++++ EXTRACTED ENTRIES ++++

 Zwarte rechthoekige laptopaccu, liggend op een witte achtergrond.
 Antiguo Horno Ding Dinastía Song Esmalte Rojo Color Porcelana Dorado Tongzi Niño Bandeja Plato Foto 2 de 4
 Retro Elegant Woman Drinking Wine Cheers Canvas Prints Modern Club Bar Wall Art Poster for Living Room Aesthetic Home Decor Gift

++++
++++ EXTRACTED ENTRIES ++++

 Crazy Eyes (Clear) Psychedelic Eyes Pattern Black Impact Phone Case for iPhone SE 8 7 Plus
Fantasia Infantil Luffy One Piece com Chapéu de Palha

++++
++++ EXTRACTED ENTRIES ++++

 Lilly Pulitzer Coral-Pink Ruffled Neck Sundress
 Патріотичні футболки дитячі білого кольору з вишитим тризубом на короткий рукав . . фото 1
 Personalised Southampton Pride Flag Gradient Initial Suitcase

++++

Please give again the lines above between the line holding "Zwarte rechthoekige laptopaccu, liggend" and the line holding "Retro Elegant Woman", inclusive, exactly as they are and with nothing added.

**TASK RESULT:**
 Zwarte rechthoekige laptopaccu, liggend op een witte achtergrond.
 Antiguo Horno Ding Dinastía Song Esmalte Rojo Color Porcelana Dorado Tongzi Niño Bandeja Plato Foto 2 de 4
 Retro Elegant Woman Drinking Wine Cheers Canvas Prints Modern Club Bar Wall Art Poster for Living Room Aesthetic Home Decor Gift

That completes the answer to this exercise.